I’m heartened to see the FDA publicly acknowledge investment incentives and market failures, although there is a distinct “blame the healthcare buyer” view embedded in the FDA’s perspective. The FDA's new view also contains a not-so-subtle rebuke of Congressional critics who have blamed drug shortages on overzealous FDA inspections. Oddly, the FDA omits any discussion of gray markets, which distort incentives during drug shortages. Read on for my overview.
BTW, I’ll be delivering the keynote at next week’s HSCA/HISCI 2013 Pharmacy Forum, where I’ll be talking in part about drug shortages. Say hi if you attend!
HOW SHORTAGES HAPPEN
According to University of Utah data (as cited here), the number of shortages dropped slightly in 2012, but remains disturbingly elevated.
The FDA highlights the link between drug shortages and “the failure of quality management in facilities that produce the finished dosage form of the drug (rather than the active ingredient).” According to the FDA’s data (reproduced below), these failures accounted for more than half of all 2011 record number of shortages.
Unfortunately, the generic injectable supply chain is very fragile. Any supply shock to the system, such as a manufacturing problem, can rapidly create a shortage because: (1) there are very few manufacturers for any individual injectable drug, and (2) alternative capacity can’t ramp up quickly enough to meet demand. IMS Health found that four out of ten products with shortages had one or zero (!) suppliers. See Drug Shortages and Our Fragile Supply Chain.

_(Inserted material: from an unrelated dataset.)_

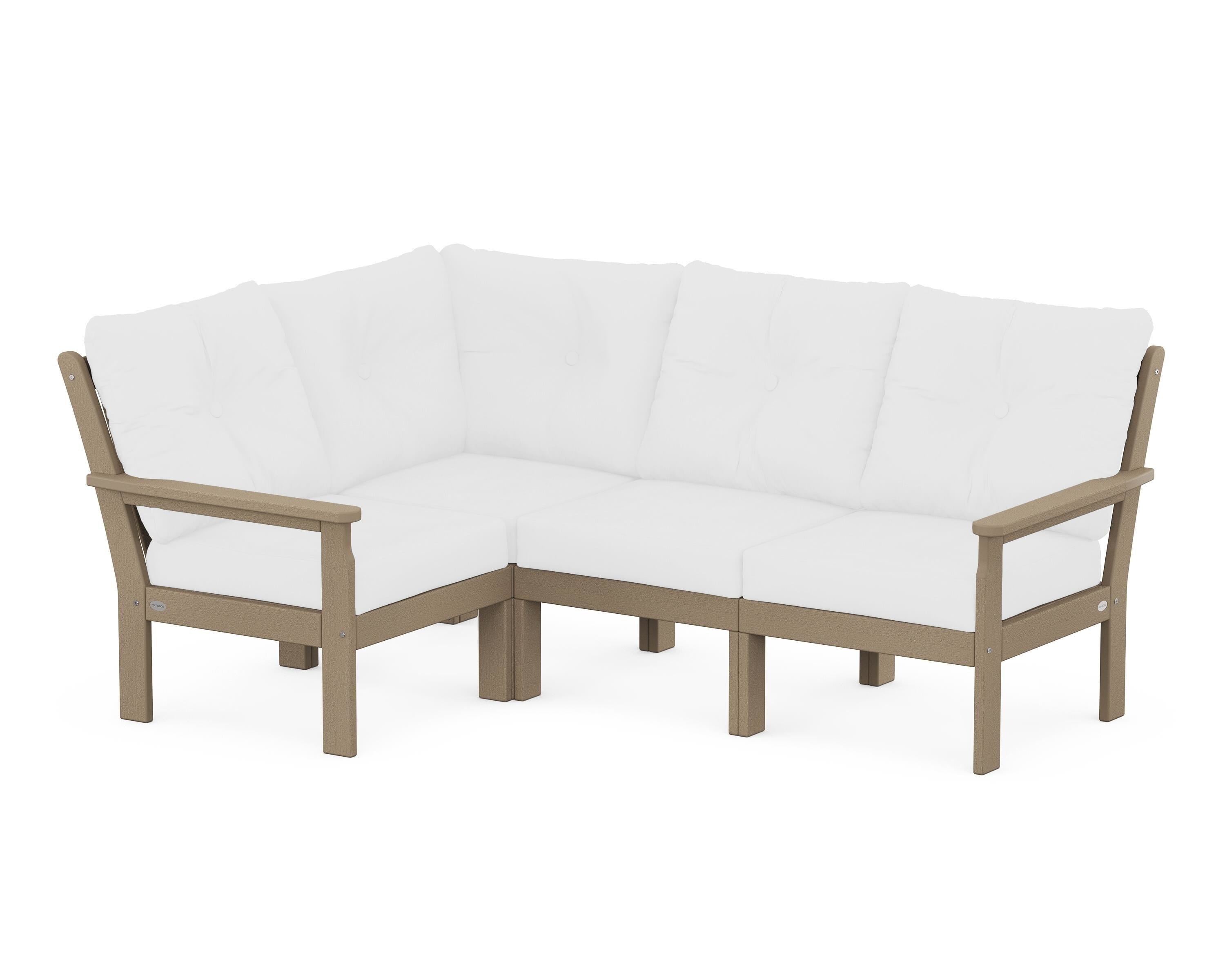 POLYWOOD® Vineyard 4-Piece Sectional in Vintage Sahara / Natural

Figure 4 in the FDA paper also provides additional data.
DON’T BLAME ME?
The new FDA paper does a decent job of summarizing the economic market factors that create such a narrow supply base. As I pointed out in What’s Behind the Drug Shortage Epidemic, investment incentives matter because the FDA cannot compel a company to manufacturer a generic injectable drug.
However, the FDA blames the buyers for this situation, noting:
“We postulate that at the heart of the quality problem is the fact that generic manufacturers compete on price. Intense price competition is a reflection of the generic drug framework—that is, generic versions of the same drug are designed to have the same efficacy and side-effect profiles. Buyers—in this case, hospitals and clinics—consider any given generic products as perfect substitutes, giving manufacturers little room for differentiation. Therefore, buyers have not been attuned to differences in the quality of production.”This is a powerful, but unsupported, assertion that lacks any factual basis. Given the drug shortages of the past few years, I doubt many buyers would agree that the “US drug supply has generally been reliable and of high quality in recent decades,” as the FDA states.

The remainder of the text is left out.